Chairperson, if this ANC-led government is serious about using the tourism industry to boost economic development and create employment, it needs to demonstrate that it understands what drives tourism growth. Tourism is basically a customer-driven service industry. It cannot be an ideological tool for social redress and voter appeasement.
The first strategic theme of the new national Department of Tourism is people empowerment and job creation, followed by tourism sector transformation, sustainable work creation, and growing the culture of domestic tourism. Identifying and growing markets comes further down the list.
There are many noble aims within its strategic themes, but are these the department's responsibility? It seems the department wants to shape and control the industry rather than facilitate the expansion of professional entrepreneurial tourism. Much of the department's newly apportioned tasks seem to clash with the responsibilities of the Departments of Rural Development and Land Reform, Trade and Industry, and Economic Development.
Is the new Department of Tourism trying to justify its existence by making work for itself by taking on the other departments' tasks? Most of its new tasks are probably best left to the private sector that is mindful of its critical role in growing the economy and jobs.
For tourism to flourish, it is critical to identify the most lucrative source of tourists and determine what they want. We must package offerings that entice them to spend their hard-earned cash in South Africa, rather than in Australia and the Far East, our main competitors.
If marketing South Africa as a tourism destination of choice to those with disposable income is done well, the economic benefits for our GDP and job creation are logical outcomes. But the department has turned its focus inwards, and expects its main tourism growth to come from within Africa.

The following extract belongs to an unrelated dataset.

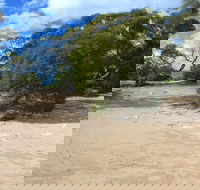 Acraman Creek Conservation Park Campgrounds - Accommodation Coffs Harbour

I fear our tourism industry will not be as financially successful as it could be because of this.
There is government enthusiasm to drive the development of community-based tourism to alleviate rural poverty. This is not a quick fix for joblessness. There are few community-based tourism success stories anywhere in the world. Our many failed cultural villages, heritage sites and craft centres are silent testimony to the difficulty of creating sustainable livelihoods this way.
We believe government should create an environment, free of bureaucratic and ideological impediments, to enable hard-working tourism entrepreneurs of all skin colours to grow and share the benefits of their good ideas. One only has to look at what the government has done to SA Tourism to be concerned about its understanding of where tourism growth comes from.

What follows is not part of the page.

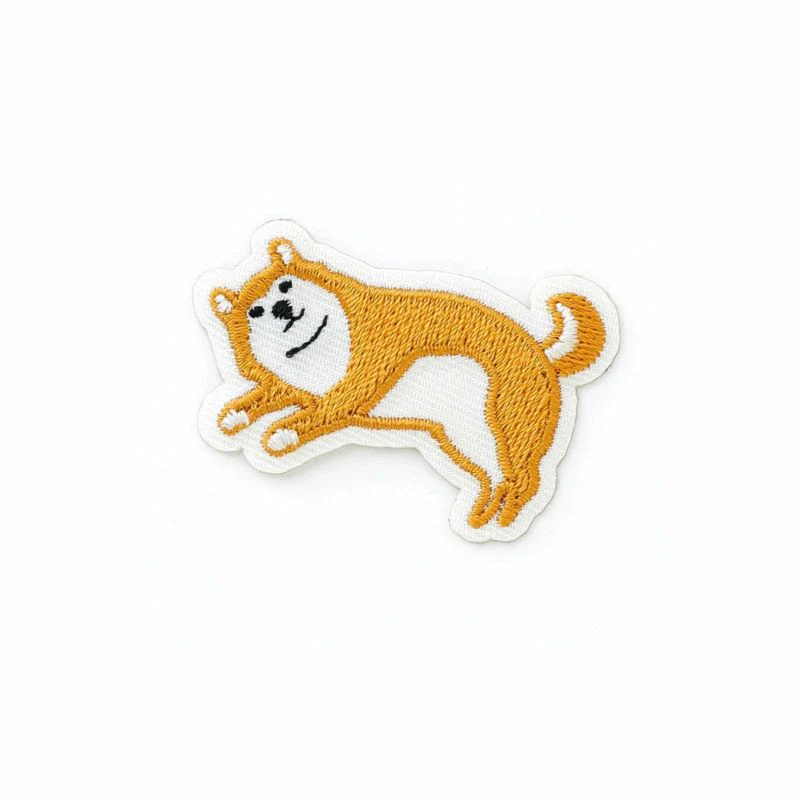 Patch Sticker - Image 5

SA Tourism has done a brilliant job, with inadequate funds, of marketing South Africa to the world's football fans and a worldwide television audience. It has won numerous international awards over many years for its excellence. From our Auditor-General it has achieved eight consecutive unqualified audits, a unique achievement for any entity overseen by government.

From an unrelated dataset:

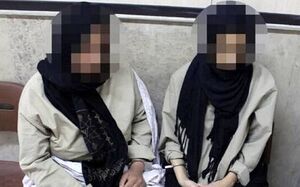  سرقت و تخریب اموال مادرشوهر توسط عروس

But never before has SA Tourism been as weak as it is now - when it should be surging ahead to capitalise on the unique market exposure that the 2010 Fifa World Cup offers our nation. It is weak because of the ANC-led government's insistence on demographic bean-counting when it comes to filling strategic posts. No R820-million, internationally active corporation would appoint as its CEO a person unqualified and inexperienced to do the job. But the government did this. It appointed a government employee, an ambassador with no corporate management or marketing experience to head SA Tourism.
There are those who say that this ambassador-to-SA Tourism CEO model worked in the past. I counter that the global tourism market of 2010 and beyond, operating in an economically bruised world, is vastly different to that of 10 years ago. Tourism - and South Africa in particular - is tougher to sell now.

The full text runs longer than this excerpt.